## PROBLEM STATEMENT
All entries are to be quoted exactly; the images stay out of the copy.

## EXERCISE MATERIAL
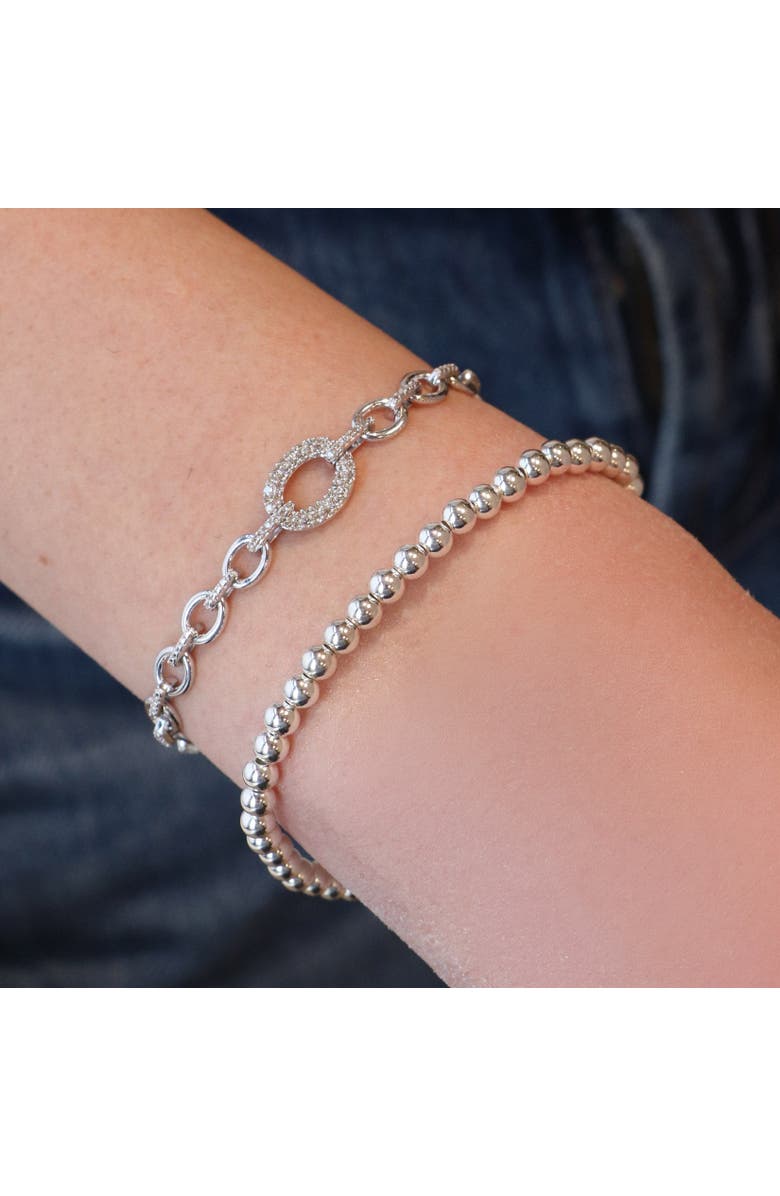 The Lovery Fine Jewelry Diamond Round Link Bracelet, Alternate, color, Sterling Silver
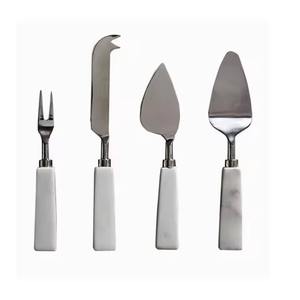 Juego de Cuchillos para Queso de Acero Inoxidable, Hoja Pulida Plateada, Diseño Bonito, Mango Cuadrado de Mármol Blanco, Juego de Utensilios para Queso - Product Image 1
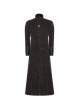 Stand-Up Collar Front Chest Flower Buckle Long Sleeve Brown Punk Twill Weft Velveteen Jacket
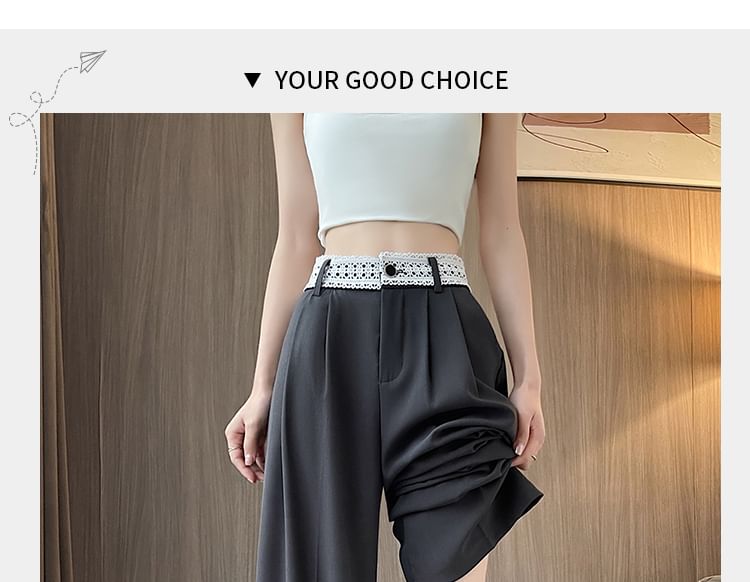 Panel Slacks Wide High Leg Lace Rise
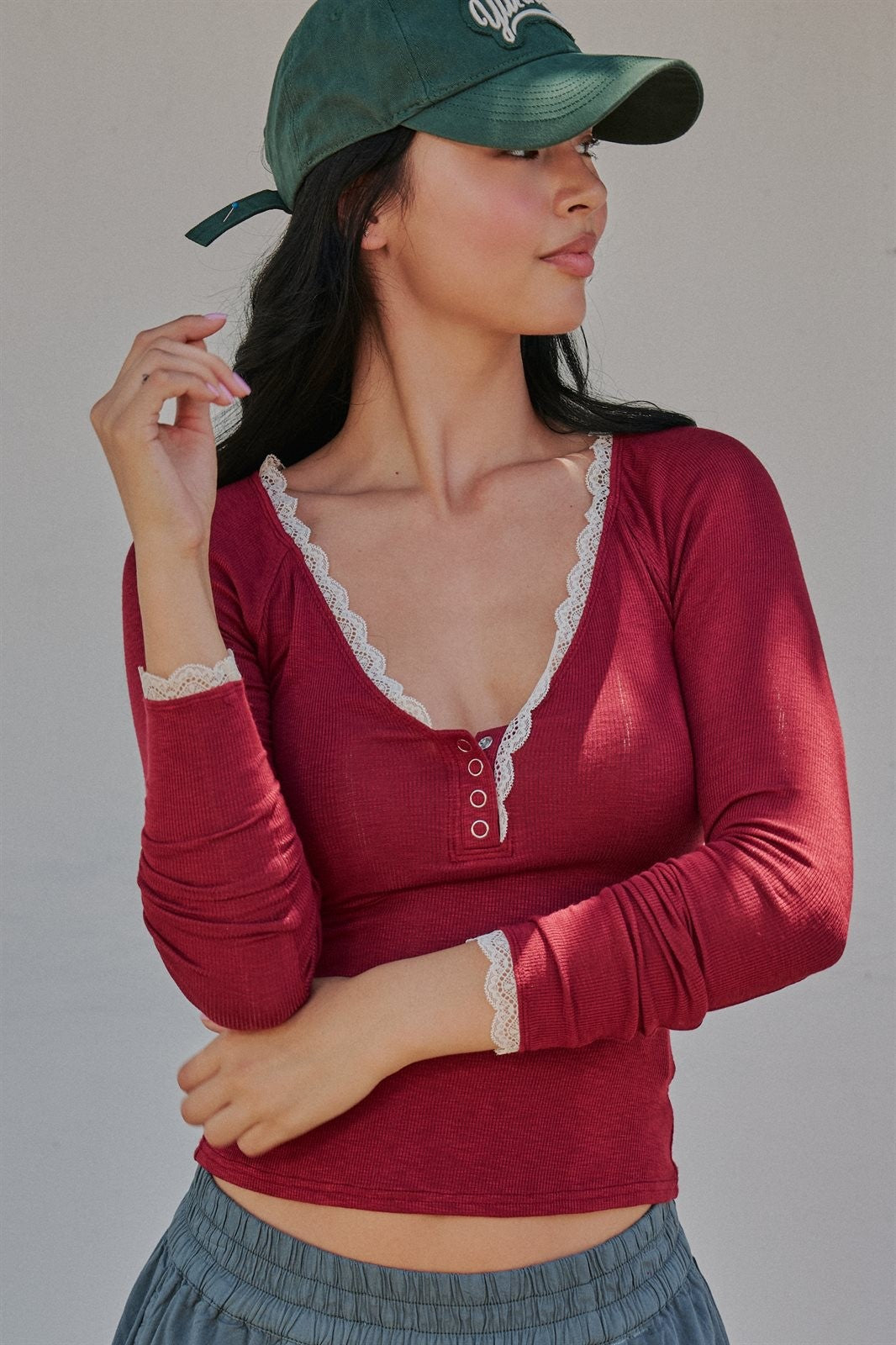 Lace Trim Slub Knit Henley Long Sleeve Top | wholesale knit top - women's | Urban Daizy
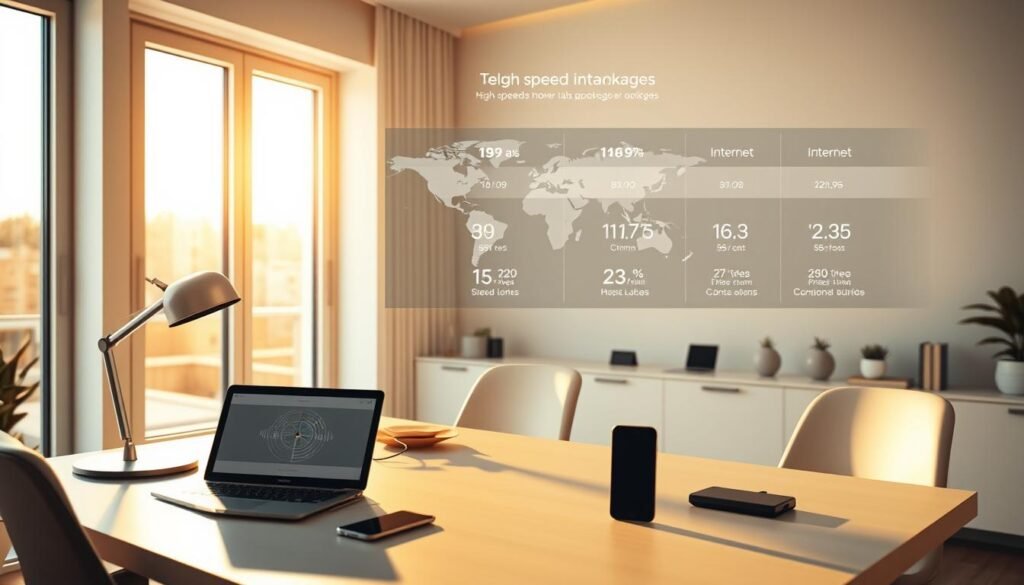 A sleek, modern home office interior with an array of devices showcasing Telecombrother's high-speed internet packages. The desk features a laptop, tablet, and smartphone, all connected seamlessly. The room is bathed in warm, natural lighting from large windows, highlighting the clean, minimalist design. In the background, a stylized world map or infographic compares the internet speeds and plans offered by Telecombrother and its competitors, creating a sense of informative comparison. The overall mood is one of efficiency, connectivity, and informed consumer choice.
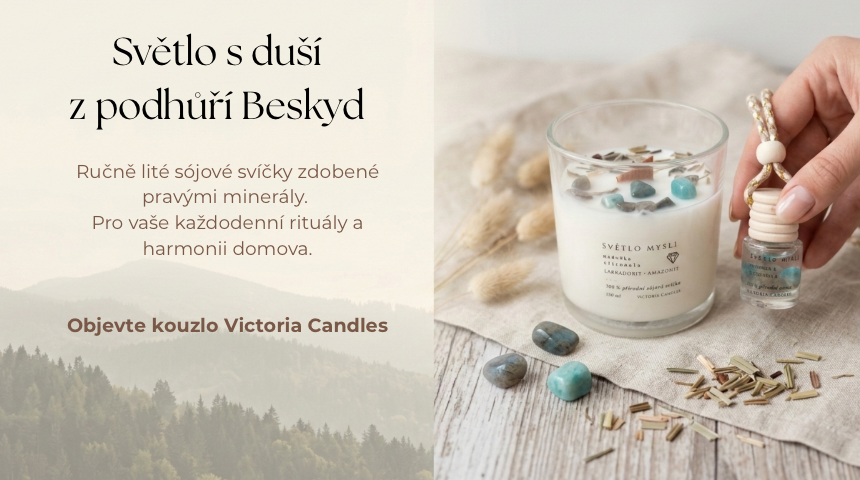 Svíčka s duší z podhůří Beskyd, přírodní sójová svíčka s krystaly pro harmonizaci domova jako malý rituál.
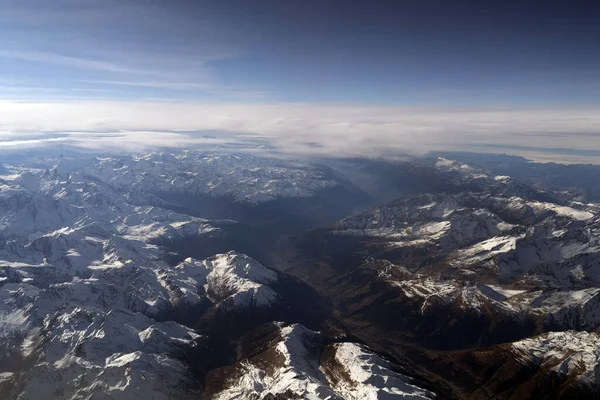 Alpes Vista Aérea Panorama Paisaje Desde Avión — Foto de Stock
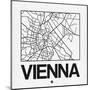 White Map of Vienna-NaxArt-Mounted Art Print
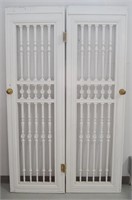 2 pcs Antique Painted Spindle French Doors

## RESPONSE
 The Lovery Fine Jewelry Diamond Round Link Bracelet, Alternate, color, Sterling Silver
 Juego de Cuchillos para Queso de Acero Inoxidable, Hoja Pulida Plateada, Diseño Bonito, Mango Cuadrado de Mármol Blanco, Juego de Utensilios para Queso - Product Image 1
 Stand-Up Collar Front Chest Flower Buckle Long Sleeve Brown Punk Twill Weft Velveteen Jacket
 Panel Slacks Wide High Leg Lace Rise
 Lace Trim Slub Knit Henley Long Sleeve Top | wholesale knit top - women's | Urban Daizy
 A sleek, modern home office interior with an array of devices showcasing Telecombrother's high-speed internet packages. The desk features a laptop, tablet, and smartphone, all connected seamlessly. The room is bathed in warm, natural lighting from large windows, highlighting the clean, minimalist design. In the background, a stylized world map or infographic compares the internet speeds and plans offered by Telecombrother and its competitors, creating a sense of informative comparison. The overall mood is one of efficiency, connectivity, and informed consumer choice.
 Svíčka s duší z podhůří Beskyd, přírodní sójová svíčka s krystaly pro harmonizaci domova jako malý rituál.
 Alpes Vista Aérea Panorama Paisaje Desde Avión — Foto de Stock
 White Map of Vienna-NaxArt-Mounted Art Print
 2 pcs Antique Painted Spindle French Doors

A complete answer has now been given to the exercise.